_THE TASK_. When you reach the line with "Ультразвуковой сканер премиум", transcribe it and each line after it through the last one below, exactly. Pictures stay out.

_Extracted records_.
###
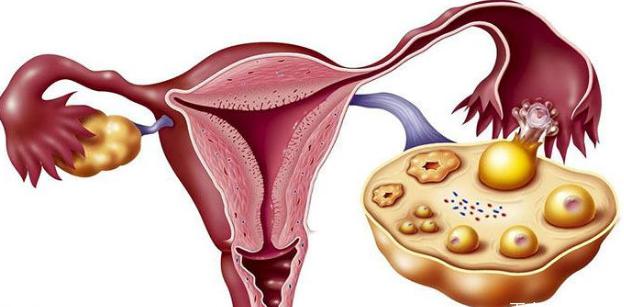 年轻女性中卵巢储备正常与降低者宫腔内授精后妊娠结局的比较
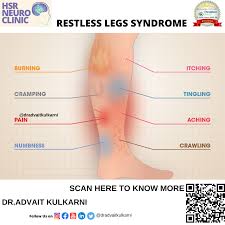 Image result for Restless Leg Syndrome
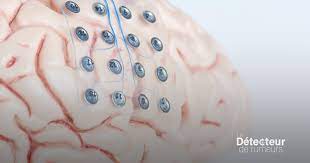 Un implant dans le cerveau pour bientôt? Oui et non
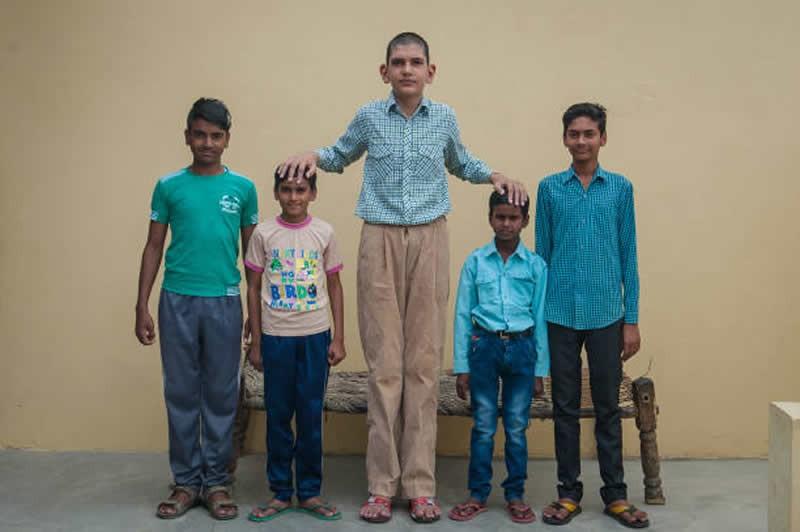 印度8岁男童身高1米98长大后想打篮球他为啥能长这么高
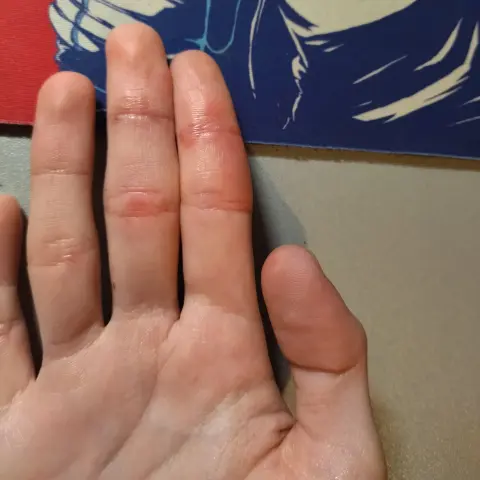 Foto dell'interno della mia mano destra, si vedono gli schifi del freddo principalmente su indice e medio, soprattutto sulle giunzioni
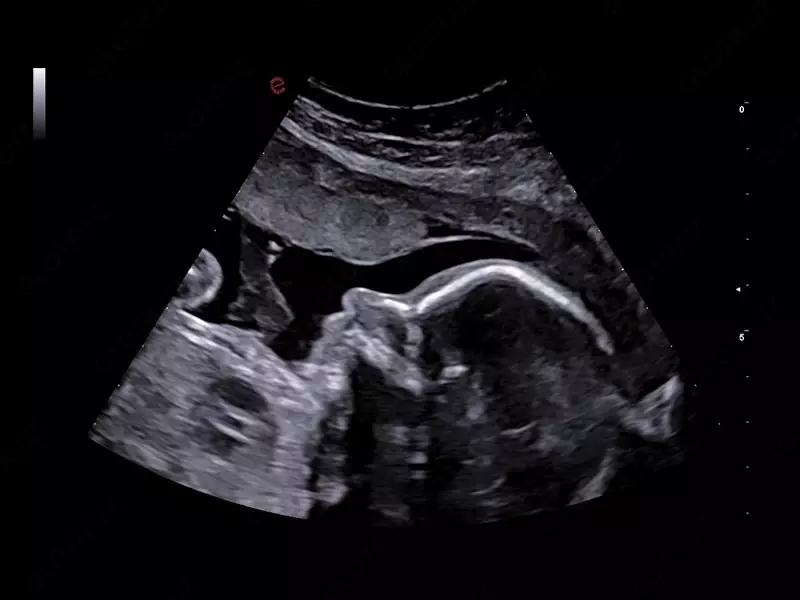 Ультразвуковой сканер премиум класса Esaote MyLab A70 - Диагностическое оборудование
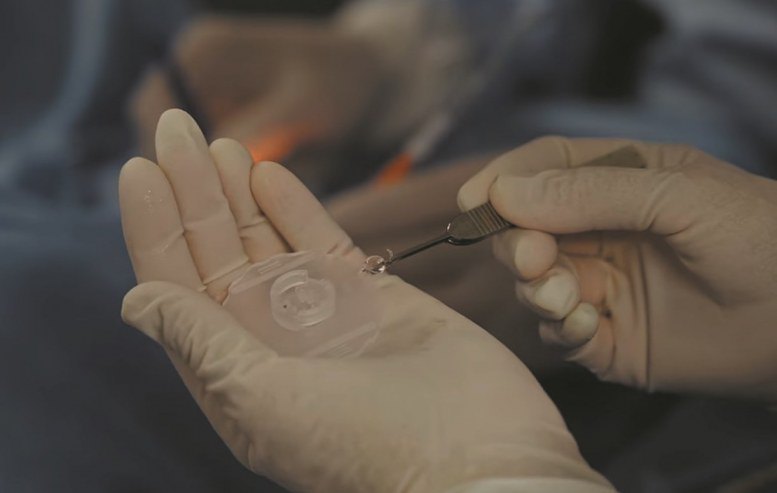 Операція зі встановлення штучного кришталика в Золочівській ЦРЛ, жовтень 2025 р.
###
_TASK RESPONSE_.
 Ультразвуковой сканер премиум класса Esaote MyLab A70 - Диагностическое оборудование
 Операція зі встановлення штучного кришталика в Золочівській ЦРЛ, жовтень 2025 р.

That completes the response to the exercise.